A horizontal VHF dipole above a (presumably metallic) car roof is not a good idea. Because the car roof is relatively large relative to wavelength, and is a good conductor, you will get a lot of RF current in it through capacitive and inductive coupling. This isn't a bad thing in itself, but because the geometry of your car isn't designed as an antenna, the result will be difficult to predict and probably not very good.
Here's one problem: if we think of the car roof as an infinite conductive plane (just a rough approximation of reality), it will make an image antenna. If your dipole is very close to the roof, then this image antenna will cancel most of your antenna's radiation. As you get it higher you will get less cancellation, but most of the radiation will be up, towards the sky. When you get it to half a wavelength high, then this is no longer a problem, but then why not just use a mag-mount vertical, which is just as tall? For a vertical, the ground plane and resulting image antenna is a good thing.
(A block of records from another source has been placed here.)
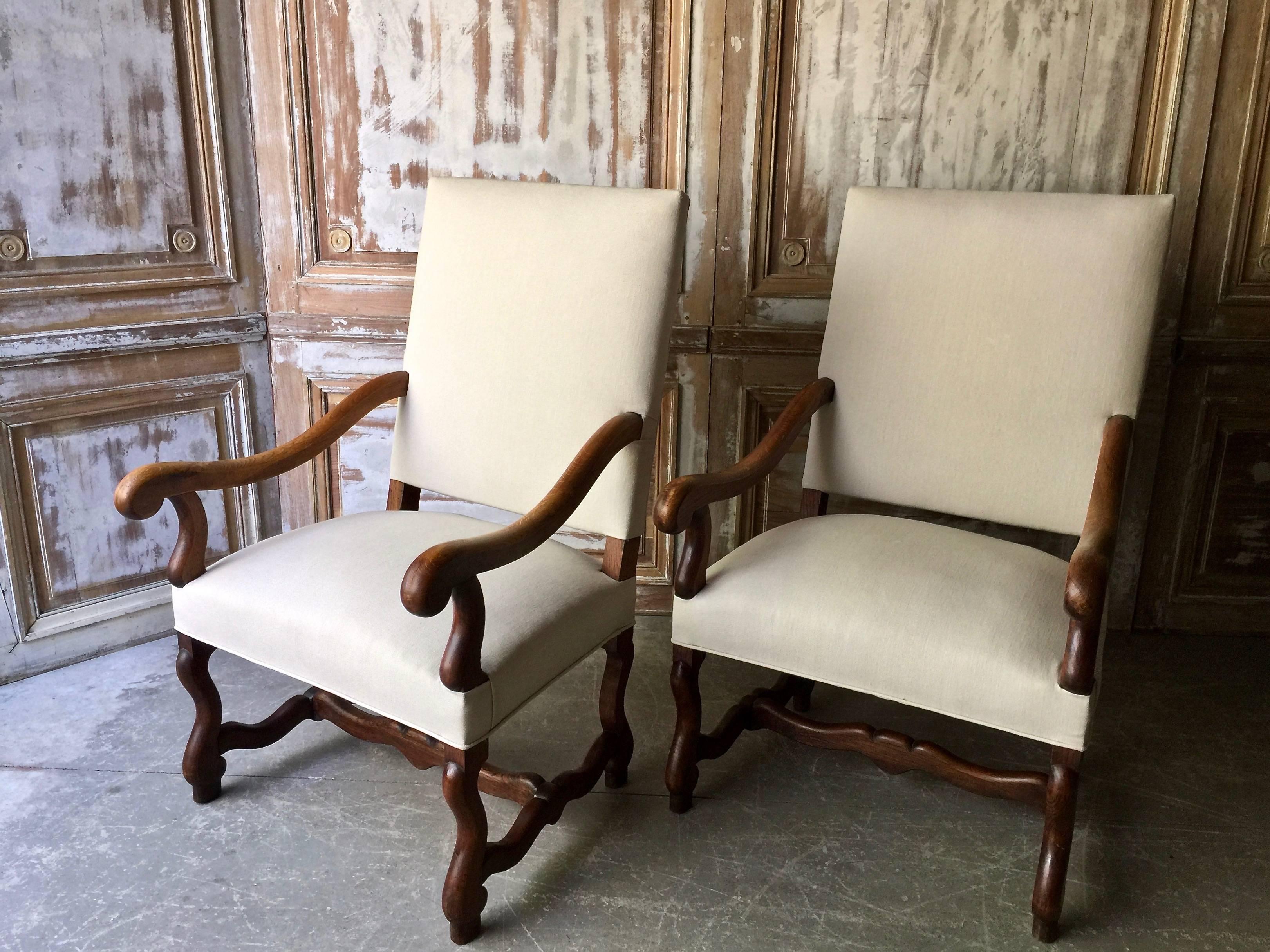 Pair of French Louis XIV Style Armchair In Excellent Condition In Charleston, SC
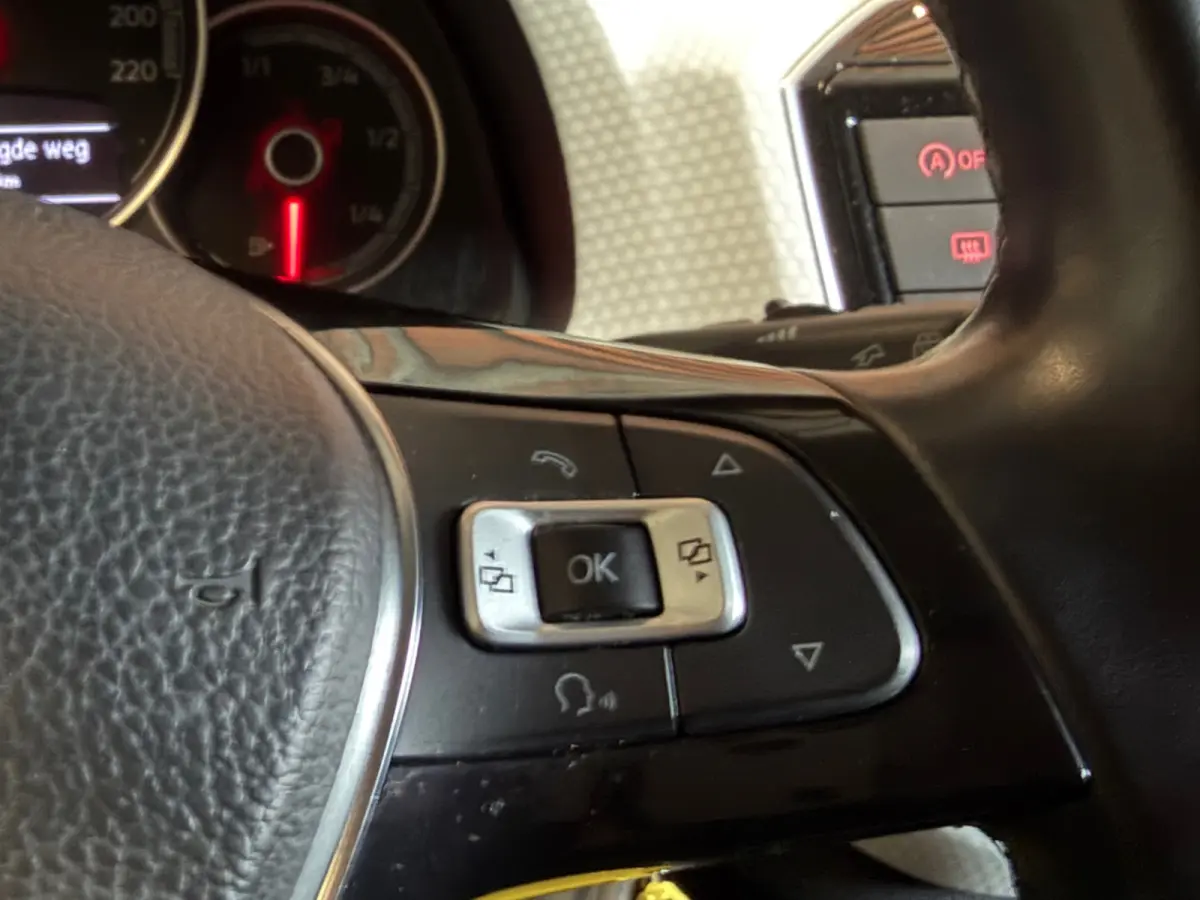 Up! 1.0 BMT move up! Airco-Stoelverw.-Cruise-Camera-Pdc-NL auto-NAP
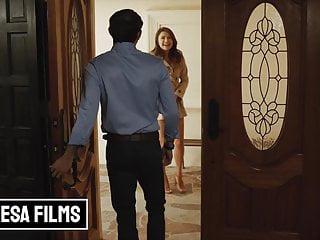 Schöne Brünette Adria rä in der hündchenstellung gefickt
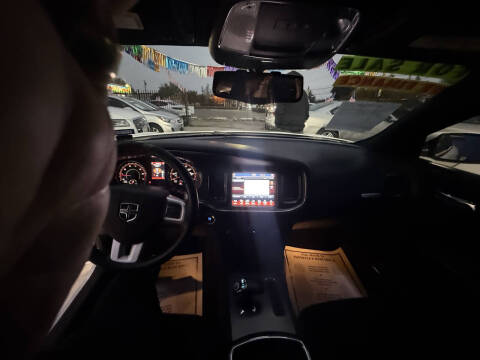 2014 Dodge Charger SXT Plus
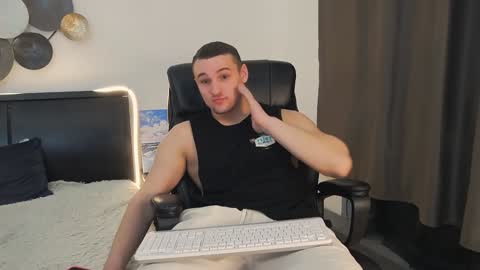 Snapshot of tim_mart chatting on 6, 1, 2025 ask me online show from 6, 1, 2025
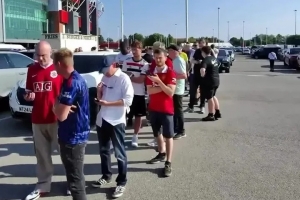 星空官网-太阳报：曼联新票务系统引发球迷不满，数百名球迷被拒之场外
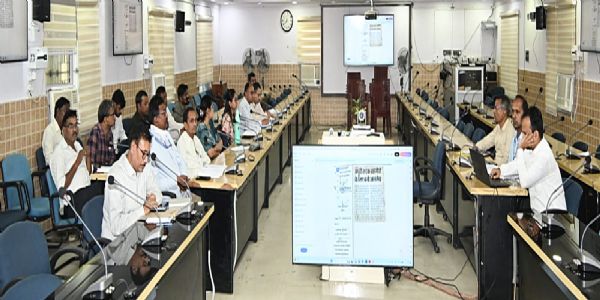 प्रोजेक्ट मॉनिटरिंग ग्रुप की बैठक में स्पष्टीकरण देने का निर्देश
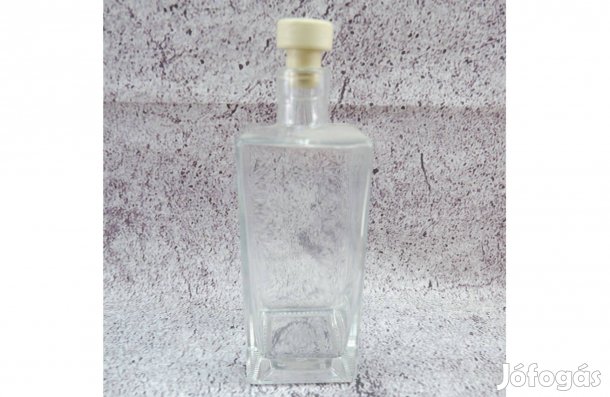 Téglalap alakú pálinkás üveg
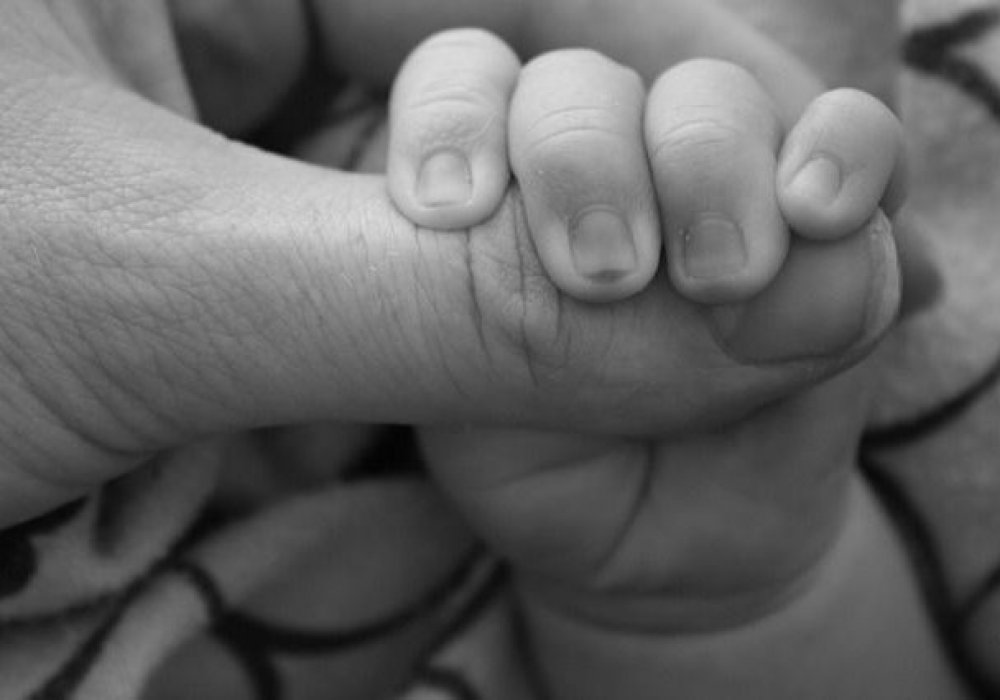 Атырауда толғағы қысқан келіншек құрсақтағы шаранасымен бірге перзентханада көз жұмды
Of course your car isn't an infinite plane. RF currents will flow all over the car body, and probably you will get a lot of radiation from slot antennas formed by seams in the car body. The trouble is we don't know what they will be. They probably won't offer a good match to your 50Ω coax.
Also, the polarization could be anything. By convention, FM on VHF uses vertical polarization. If you happen to radiate with horizontal radiation, you will only be heard by most people through paths that rotate your polarization. In practice, this means a loss on the order of 30dB. Radiation from your car body probably won't be entirely horizontal, so it may not be so bad, but most likely, it won't be so good.
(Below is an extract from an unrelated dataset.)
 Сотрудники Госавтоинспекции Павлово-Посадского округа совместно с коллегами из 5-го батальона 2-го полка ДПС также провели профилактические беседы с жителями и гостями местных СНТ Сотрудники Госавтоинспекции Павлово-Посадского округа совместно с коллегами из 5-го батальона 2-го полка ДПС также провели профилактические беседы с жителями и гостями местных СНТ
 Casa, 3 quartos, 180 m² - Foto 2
Another issue may be the electronics in your car. With the dipole laying against the car body (anywhere), the coupling between the dipole and the car body is so good you might as well have soldered the feedline directly to the car body and skipped the dipole. It's obvious then how much RF current is in the car body, and all the wiring attached to it. Automotive electronics are usually pretty robustly engineered, but I'm not sure I'd trust them to work with an RF transmitter hooked up to them.